▶
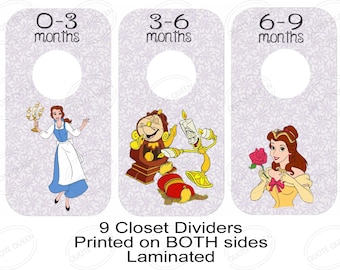 Beauty and the Beast Baby Closet Dividers, Belle Princess Nursery Organization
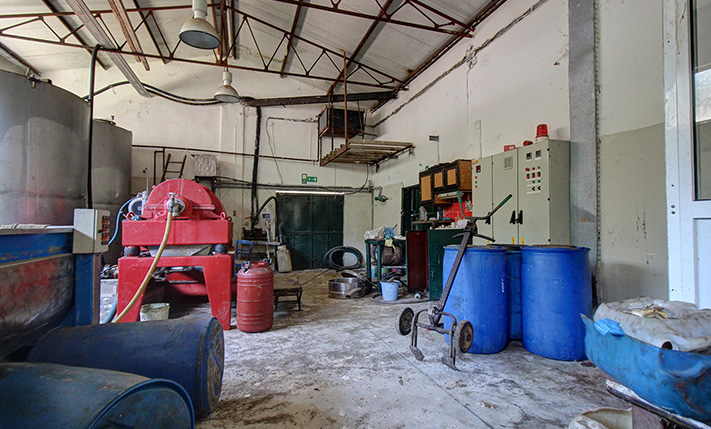 AN OLIVE OIL FACTORY WITH MODERN EQUIPMENT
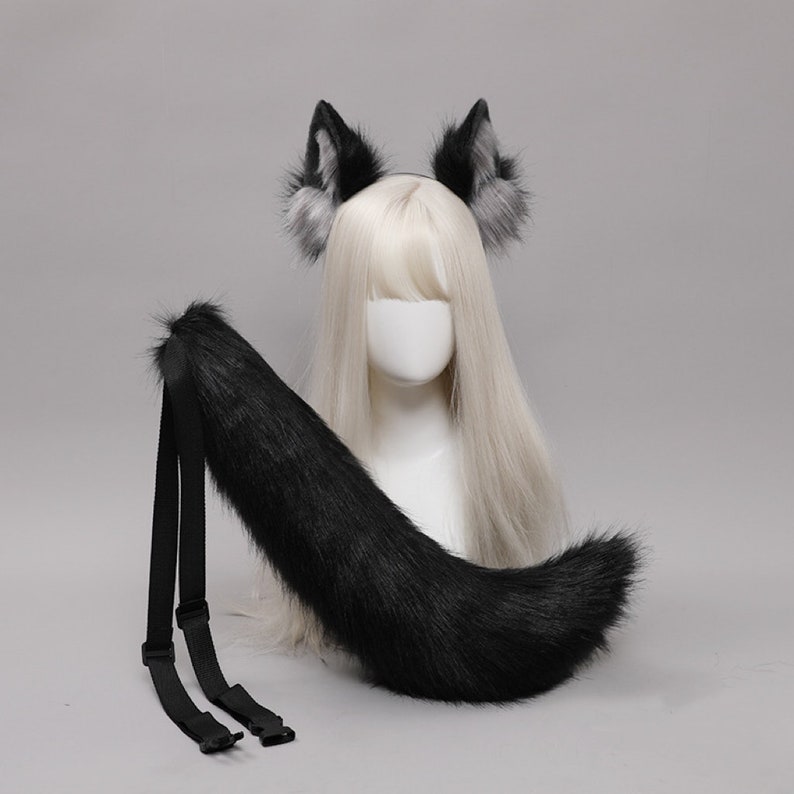 Blackwhitebrown Wolf Ear and Tail Set Faux Fur Ear Fox White Etsy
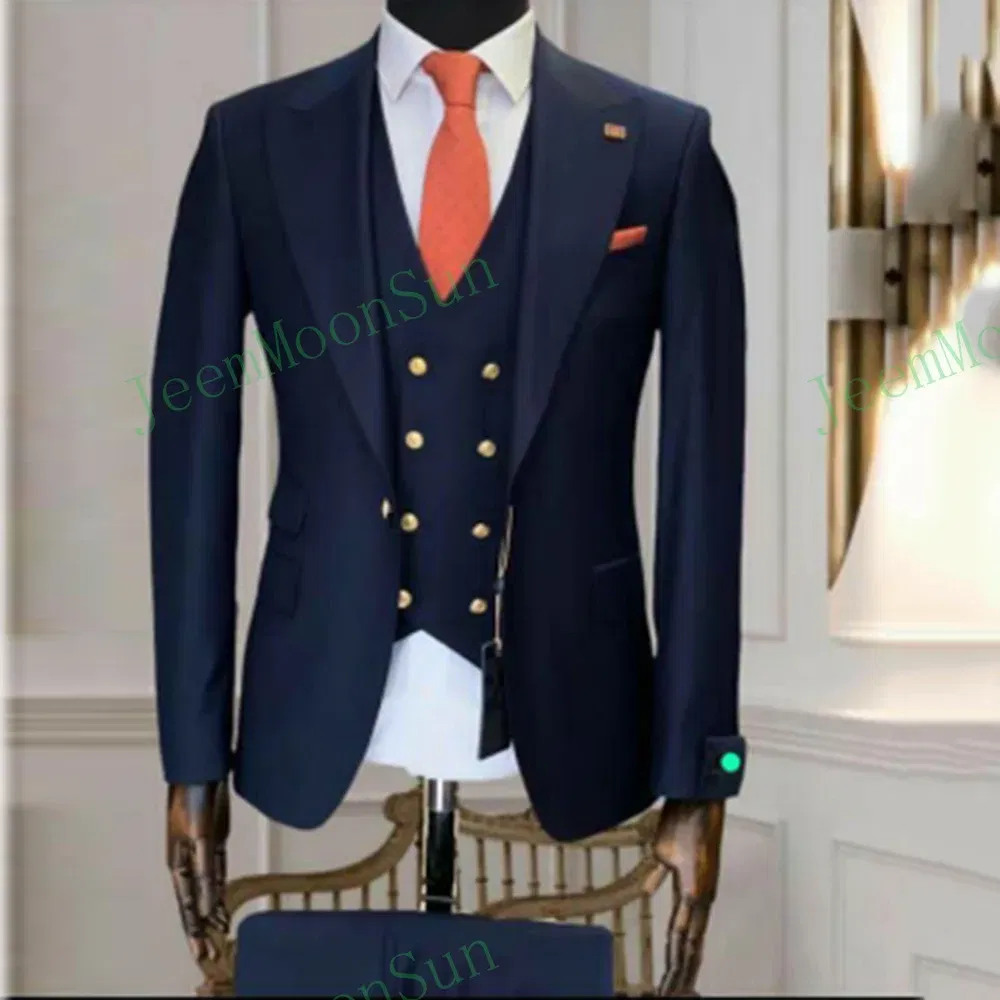Color: Navy Blue, Size: S, Ships From: CHINA - 3 Pieces New White Men's Suit 2022  Peak Lapel Slim Fit Casual Tuxedos Groom Tailor Made Terno Masculino (Blazer+Pants+Vest)
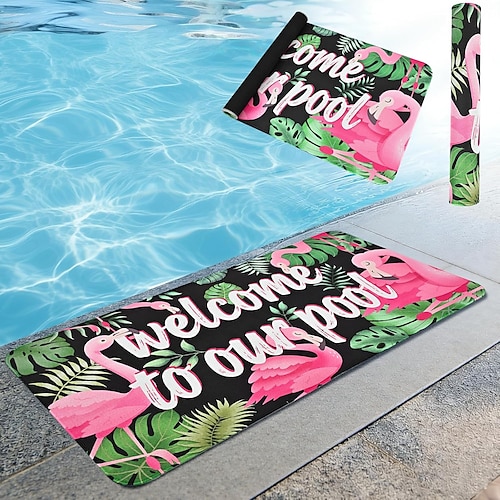 Pool-Fußmatte 61 x 122 cm, rutschfeste Pool-Bodenmatte für Terrasse, Sitzmatte für den Poolbereich mit Gummirückseite, Sommer-Fußmatte für Terrasse, Strand, Schwimmbad, Loungebereich Image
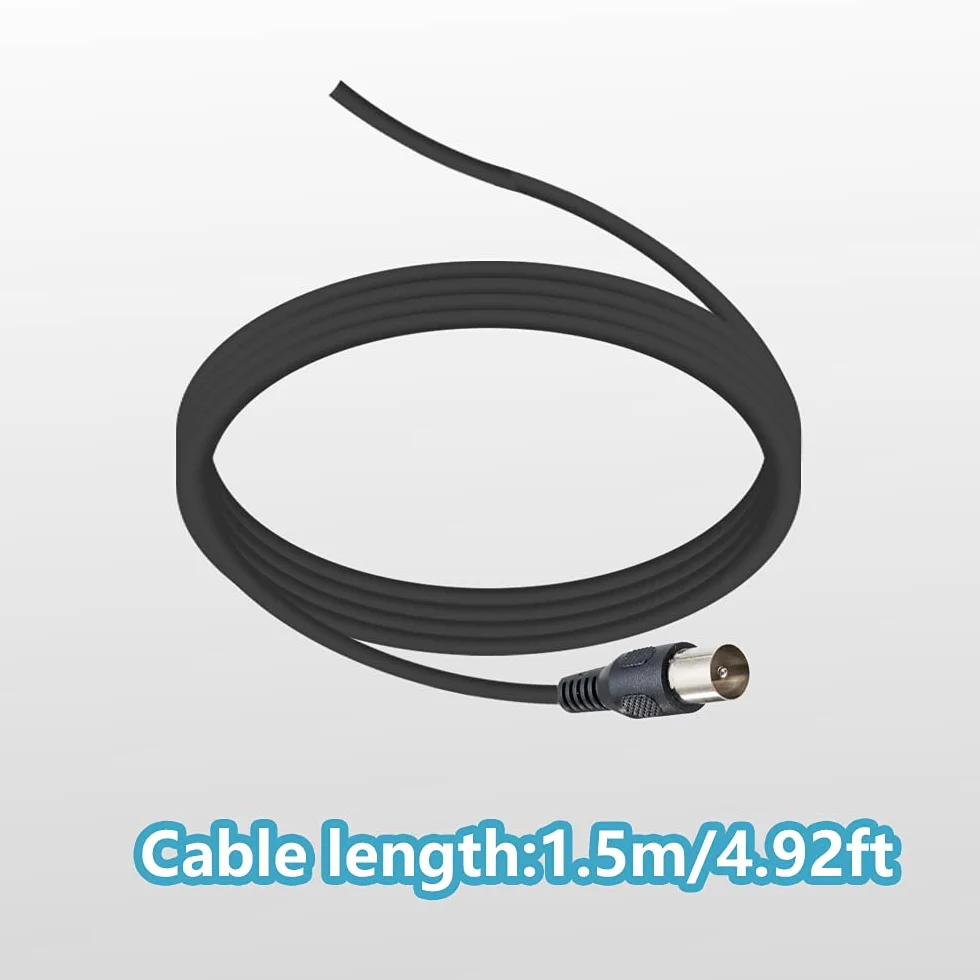 Vecys Antenne DVB-T HDTV pour Smart TV Numérique Intérieure 2dBi avec Base Magnétique Connecteur TV Mâle VHF UHF Mini Antenne TV 1.5m Câble Coaxial RG174 pour DVD LCD Appareils DVB-T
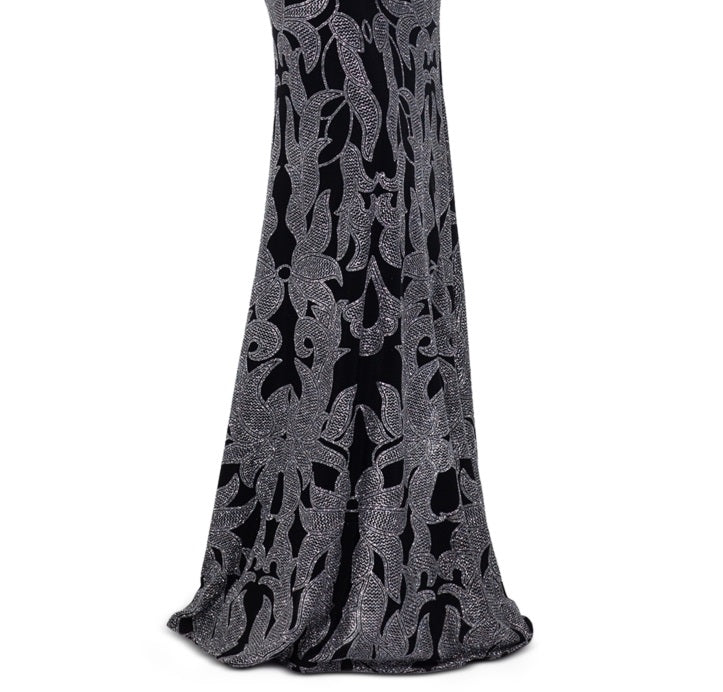 Betsy & Adam Women's Glitter Print Gown Black Size 16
◀
Of the entries above, print exactly those lines that run from the one containing "Vecys Antenne DVB-T" through the last line, excluding any pictures.

 Vecys Antenne DVB-T HDTV pour Smart TV Numérique Intérieure 2dBi avec Base Magnétique Connecteur TV Mâle VHF UHF Mini Antenne TV 1.5m Câble Coaxial RG174 pour DVD LCD Appareils DVB-T
 Betsy & Adam Women's Glitter Print Gown Black Size 16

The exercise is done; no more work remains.